Corporation tax: change to articles an arrangement for consortium relief

Corporation tax: change to articles an arrangement for consortium relief

A group of companies has lost their appeal at the Court of Appeal (CoA) after a previous ruling against them at the Upper Tribunal (UT).  The group, UK Power Networks (UKPN), had held that they were entitled to full consortium relief and had helped HMRC with their enquires.  After providing a considerable amount of information to HMRC they requested that HMRC issue them with a closure notice by application to the First-tier Tribunal (FTT).  The FTT found for UKPN and requested that HMRC issue a closure notice.  HMRC appealed to the UT with the UT finding in favour of HMRC.

Consortium relief applies in situations where a company isn’t a 75% subsidiary of another company but at least 75% of its share capital is owned by other companies and those companies own more than 5% of the share capital.  Where these conditions are met then losses can be transferred from the company or to it by members of the consortium.  One of the companies within one of the consortium member’s groups had made significant losses and wished to transfer these losses to UKPN to help overall cashflow of the group.

One of HMRC’s concerns related to the ability of UKPN to claim full consortium relief.  HMRC held that arrangements were in place to prevent the UKPN controlling the consortium group.  The articles of the consortium company had been adjusted to state that resolutions could only be passed if the threshold of 75% was met.  UKPN had votes equalling 74.6%, just under the control threshold by the company’s articles.

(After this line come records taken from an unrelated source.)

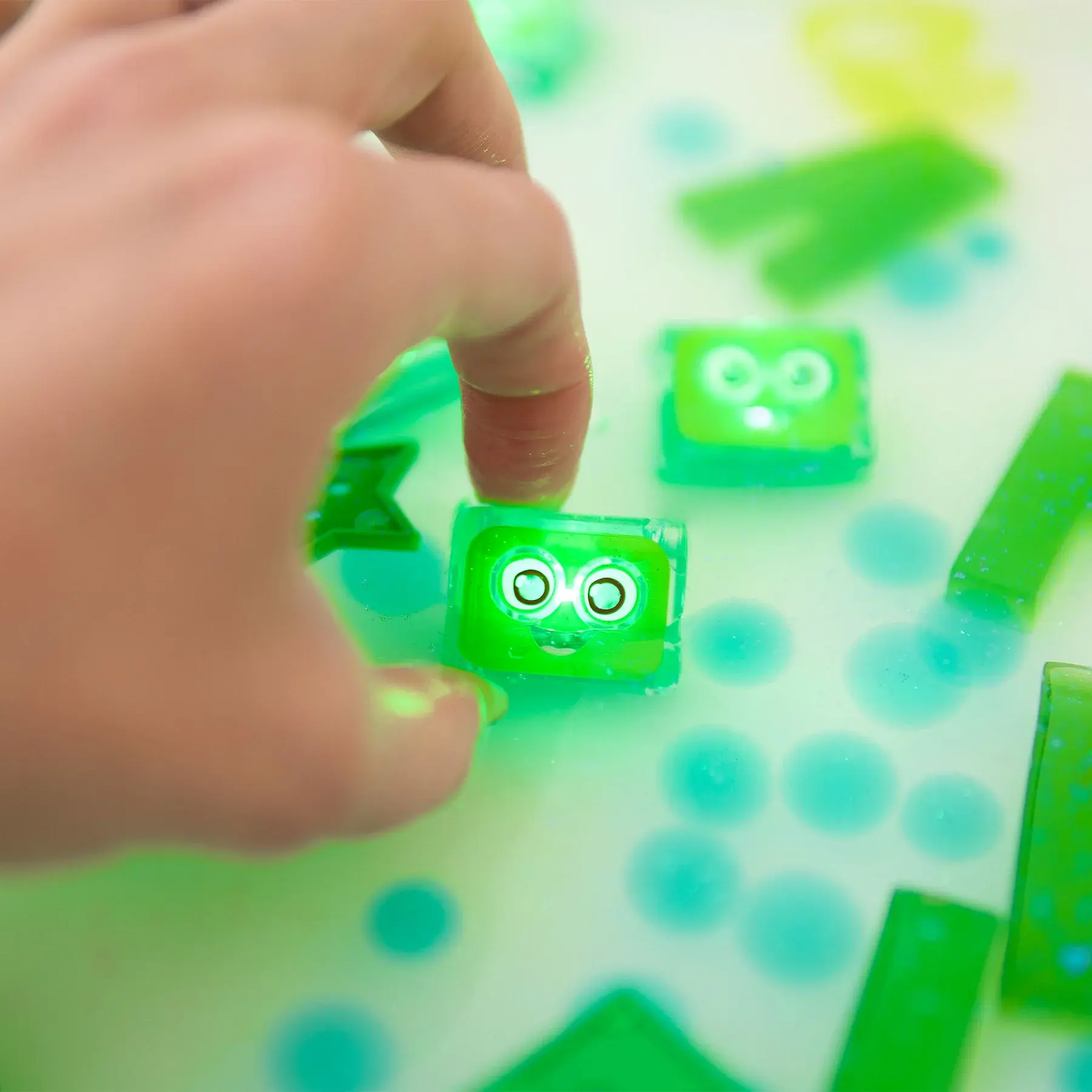 Glo Pals Water Activated Light-Up Cubes: Pippa Green 4pk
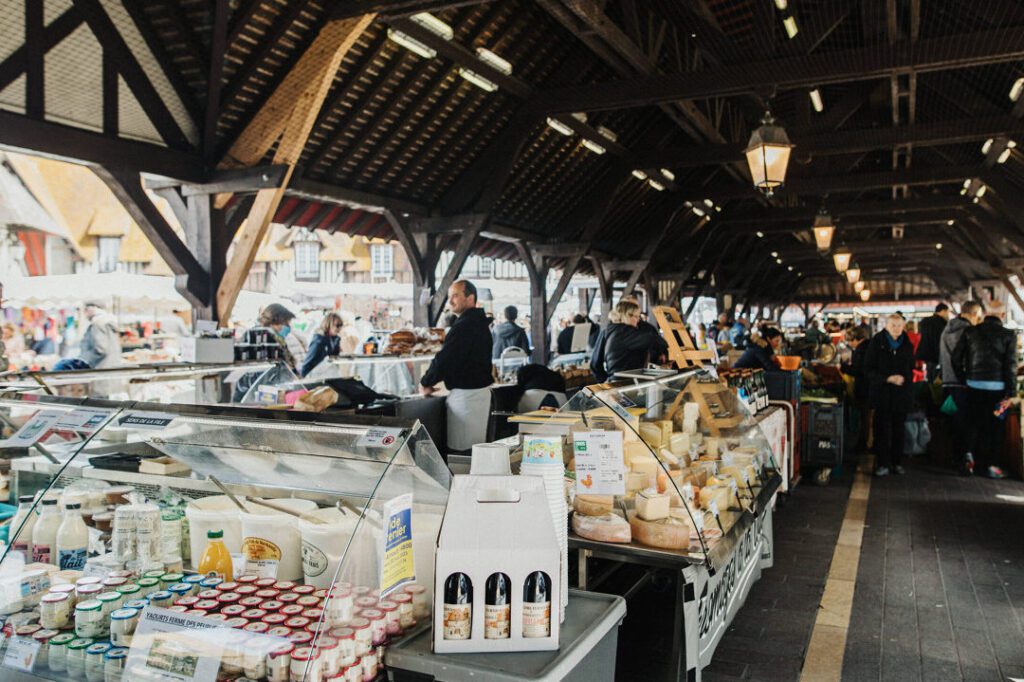 Deauville et son marché : entre tradition et art de vivre, que faut-il découvrir ?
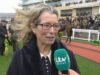Ibu joki Cheltenham memintanya untuk mendapatkan pacar di TV setelah kemenangan epiknya 40/1 | Balapan | Olahraga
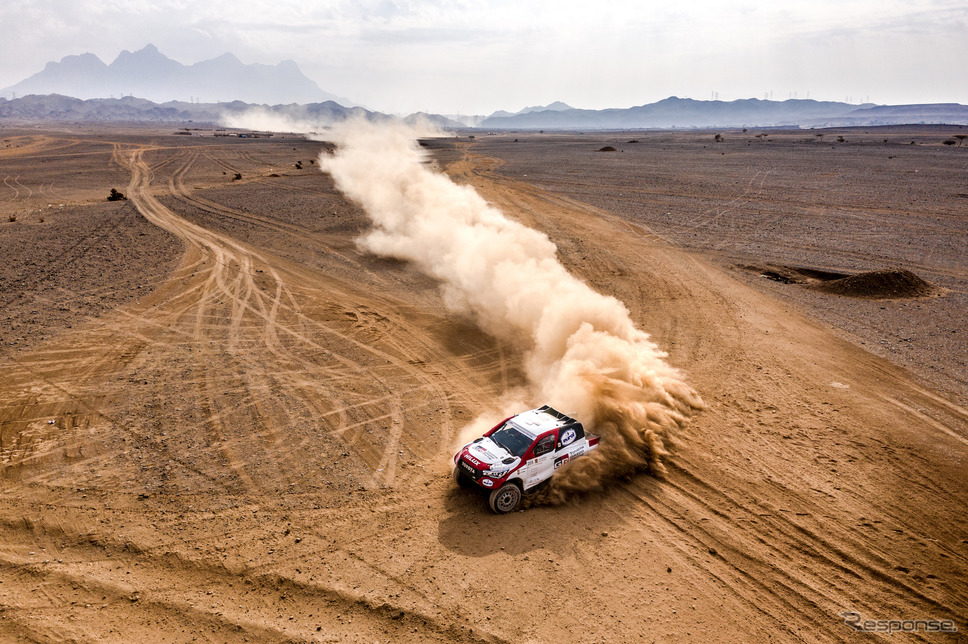 2019年アル・ウラ・ネオム・クロスカントリーラリーを走るアロンソ(トヨタHILUX)。《写真提供 TOYOTA》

To prevent the trade in sale of losses anti-avoidance provisions are included within the legislation to limit the amount of relief available to 50% of the amount that could be obtained under normal conditions.  UKPN held that the change to the articles of the company was not an arrangement.

The CoA disagreed finding the increase in the voting threshold in the company’s articles was an arrangement for the purposes of the anti-avoidance legislation and that HMRC were entitled to continue their investigations into UKPN.

The CoA noted at the end of its judgement that this decision could be a waste of time.  Other investigations by HMRC had concluded that it was likely consortium relief would be reduced to zero but these issues were stayed behind the outcome of the case.  The CoA noted that the FTT shouldn’t investigate matters of law when considering whether closure notices should be issued unless that investigation can expedite the resolution of matters.

The decision can be found at: Eastern Power Networks Plc & Ors v Revenue And Customs – Find case law (nationalarchives.gov.uk)

This case has helped clarify the meaning of arrangements under the anti-avoidance provisions for consortium relief.